Le prêtre Lambert le Bègue, actif à Liège au XIIe siècle, est lié à l’émergence du mouvement béguinal. Bien qu’il ne soit pas son fondateur, ses prêches rigoristes ont inspiré de nombreuses femmes pieuses. On lui attribue une capacité à susciter une ferveur intense, poussant ses adeptes à « s’embéguiner » – adopter la coiffe comme marque d’abandon à Dieu.

Le béguin était bien plus qu’un simple couvre-chef ; il symbolisait pour ces femmes une dévotion totale à Dieu, un engagement visible de leur foi ardente.

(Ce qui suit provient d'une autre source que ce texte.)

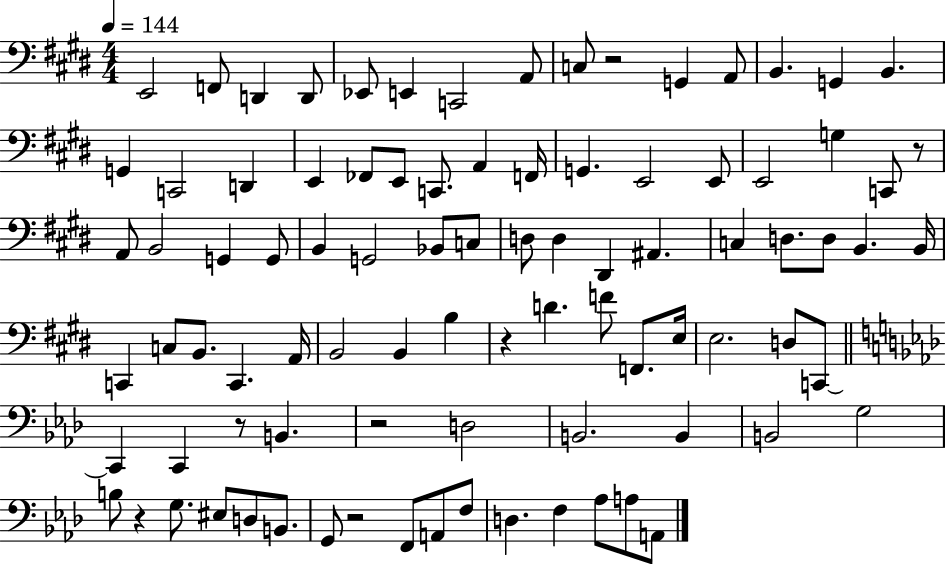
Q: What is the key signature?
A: E major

Ce lien entre couvre-chef et foi passionnée a progressivement évolué. Le terme, d’abord associé à l’humilité chrétienne, est devenu un symbole de pudeur amoureuse, où l’on « cache son cœur » comme on dissimule ses cheveux sous une coiffe.

Du sens littéral au sens figuré : l’évolution sémantique

Quand « s’embéguiner » change de sens

Le verbe « s’embéguiner » évoque d’abord un geste concret : se coiffer d’un béguin, cette coiffe en toile des béguines. Au XIIe siècle, ce mot s’attache à un mouvement spirituel féminin. L’expression glisse ensuite vers un usage argotique, désignant une obsession amoureuse excessive. Être « embéguiné » de quelqu’un signifie alors avoir cette personne en tête de façon envahissante, comme si elle était devenue une seconde coiffe, visible ou non.

L’apparition du « béguin à l’envers »

L’expression « avoir le béguin à l’envers », attestée au XVIe siècle, illustre cette transition. Elle décrit un état de confusion mentale, comme si l’esprit était chamboulé, la coiffe symbolique retournée. Ce sens s’explique par le contraste entre la pureté exigée des religieuses et leurs éventuelles pensées « impures », perturbant leur apparence ordonnée. Cette idée de désordre intérieur renforce la connotation de déviation du modèle initial.

  • Sens littéral : Le verbe « s’embéguiner » signifie se couvrir la tête avec un béguin.
  • Premier sens figuré : « S’embéguiner de quelqu’un » veut dire s’enticher, être obsédé par une personne.
  • Expression dérivée : « Avoir le béguin à l’envers » signifie avoir l’esprit complètement troublé.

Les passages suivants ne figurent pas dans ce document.